Unter Landgraf Karl (1677–1730)

Hier soll nur die Außen- und dynastische Politik skizziert werden, für die anderen Bereiche siehe Karl (Hessen-Kassel).

Der Holländische Krieg endete 1678 mit dem Frieden von Nimwegen, in dem Frankreich neben dem (spanisch-habsburgischen) Burgund Freiburg und Kehl erhielt. Im Frieden besetzte es dann 1681 Straßburg. Im Rahmen der Reunionspolitik Ludwigs XIV. war absehbar, dass die Vorderen Reichskreise in das Visier des französischen Expansionsstrebens geraten würden.

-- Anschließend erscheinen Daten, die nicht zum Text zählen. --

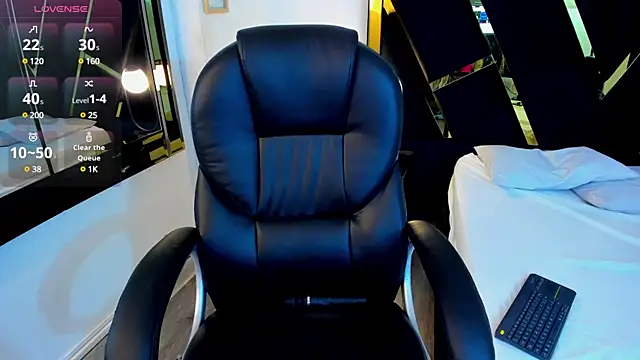 ninfomaria  online show from 12, 2, 2025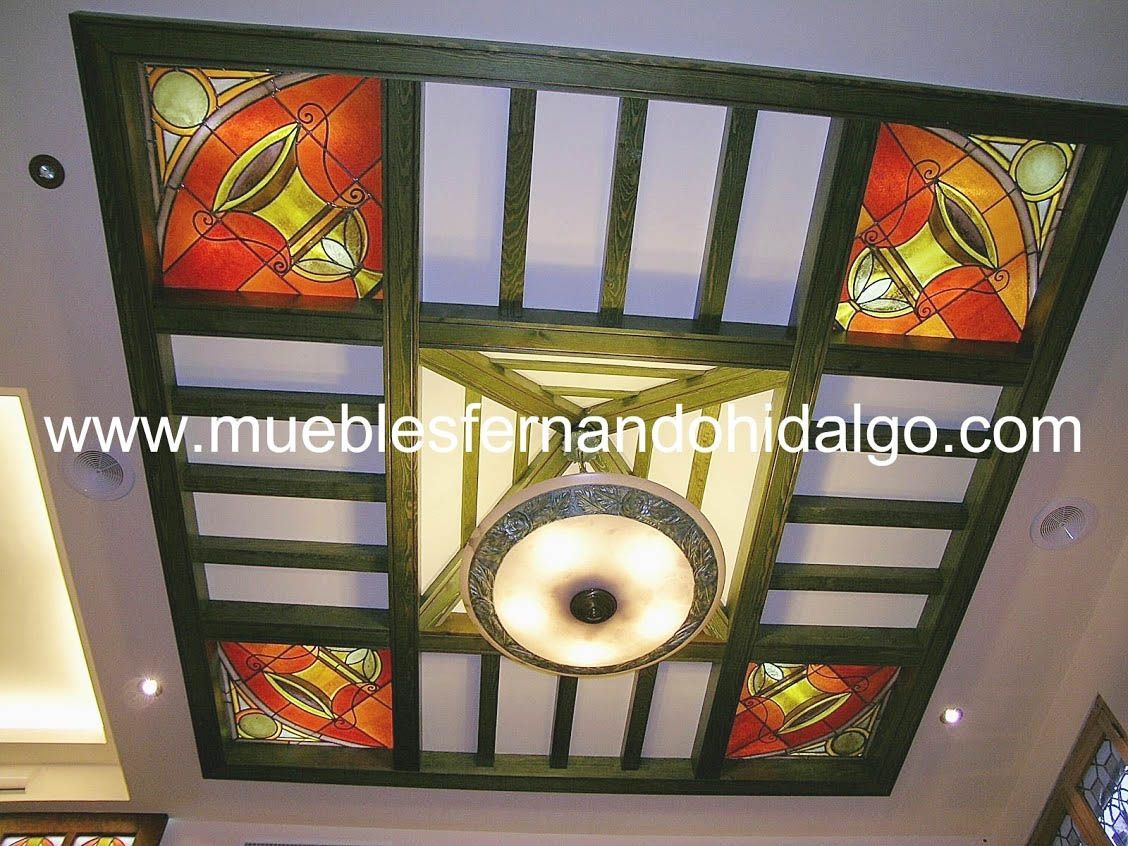 Un techo con diseño de vidrieras y la página web www.mueblesfernandohidalgo.com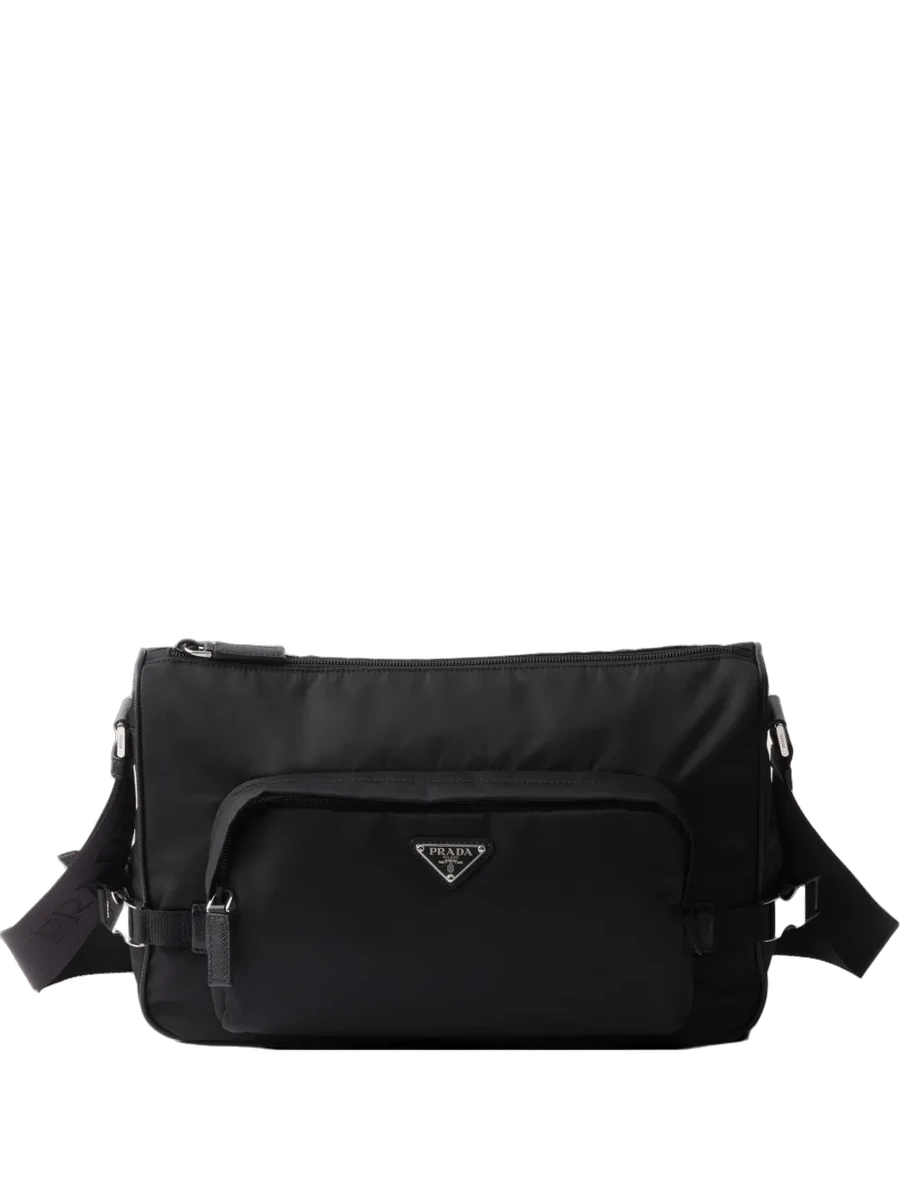 프라다 Prada Large Re-nylon And Saffiano Leather Shoulder Bag 제품 사진 프라다 Prada Large Re-nylon And Saffiano Leather Shoulder Bag 제품 사진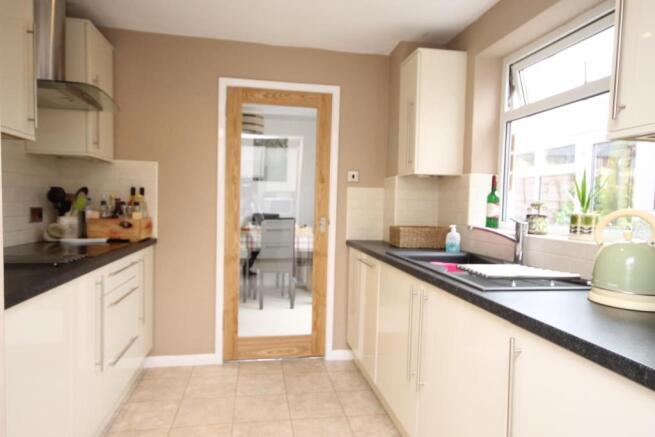FITTED KITCHEN
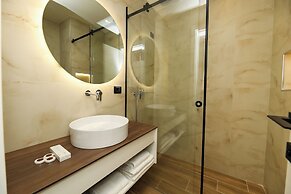Hotel Adore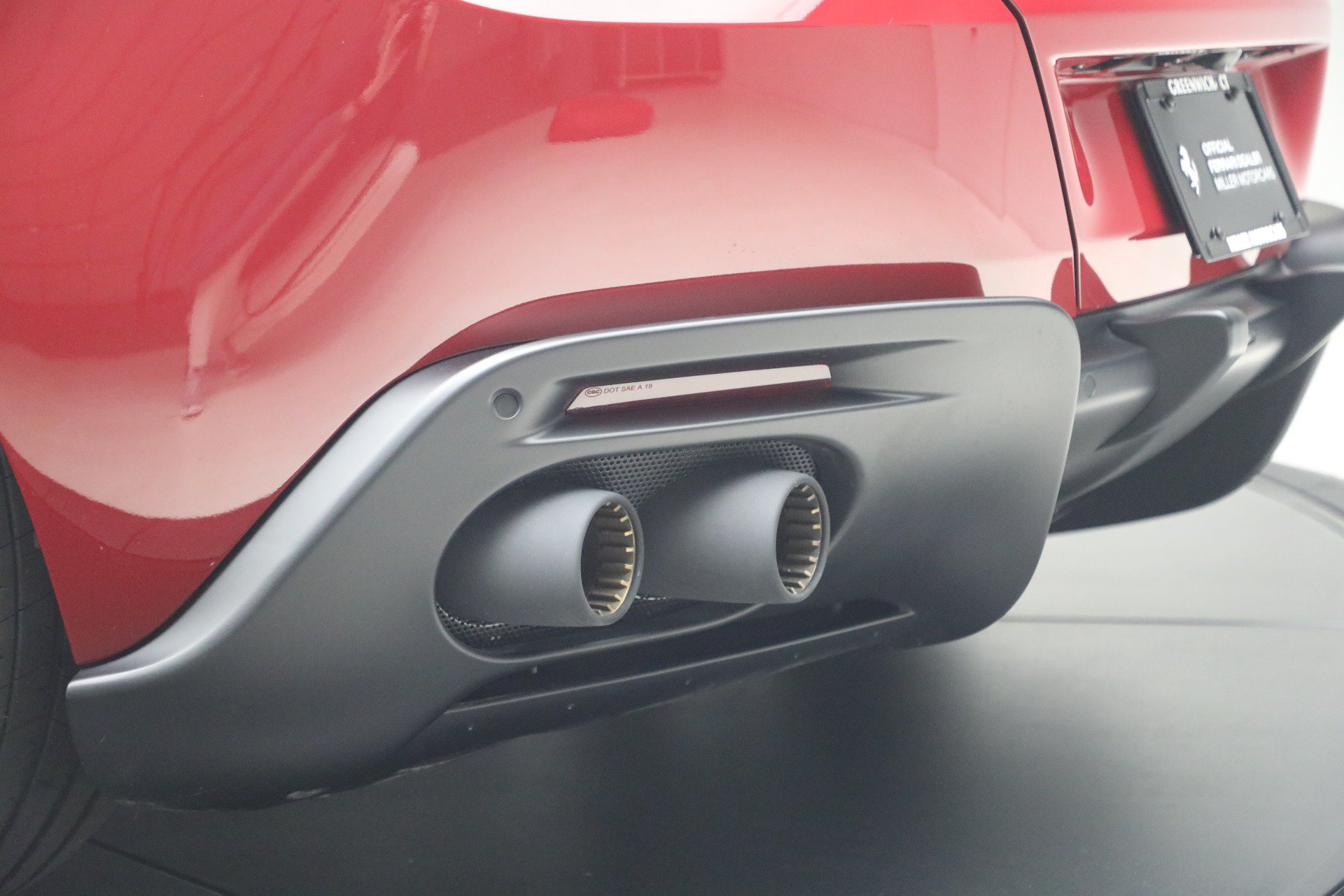 Certified 2025 Ferrari Roma Spider RWD image 38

Im Notfall konnte man sich im Reich kein endloses Geschachere um Truppenkontingente und Einquartierungen mehr leisten. In der Reichsdefensionalordnung von 1681 wurden im Fall eines Reichskriegs über die Reichskreise für die Reichsstände verbindlich zu stellende Truppenkontingente oder entsprechende Zahlungen vereinbart. Nach den Erfahrungen von 1676/77 entschied sich Karl für Hessen-Kassel zur Stellung von Truppen, so dass die Landgrafschaft zu den sogenannten Armierten Ständen gehörte. Entsprechend schickte er ein Kontingent zum Entsatz von Wien 1683, wobei er das einzige Mal Kaiser Leopold persönlich traf. Fast gleichzeitig belagerte und eroberte Frankreich im Reunionskrieg 1683–1684 Luxemburg. Am 18. April 1685, noch vor dem Edikt von Fontainebleau, erließ Karl die „Freiheits-Concession“, in der er den schon länger verfolgten französischen Hugenotten Aufnahme in der Landgrafschaft versprach (Näheres hier). Im gleichen Jahr gewährte er seinem Bruder Philipp das Eigentum über dessen bisherige Lehen und begründete damit die paragierte Linie Hessen-Philippsthal.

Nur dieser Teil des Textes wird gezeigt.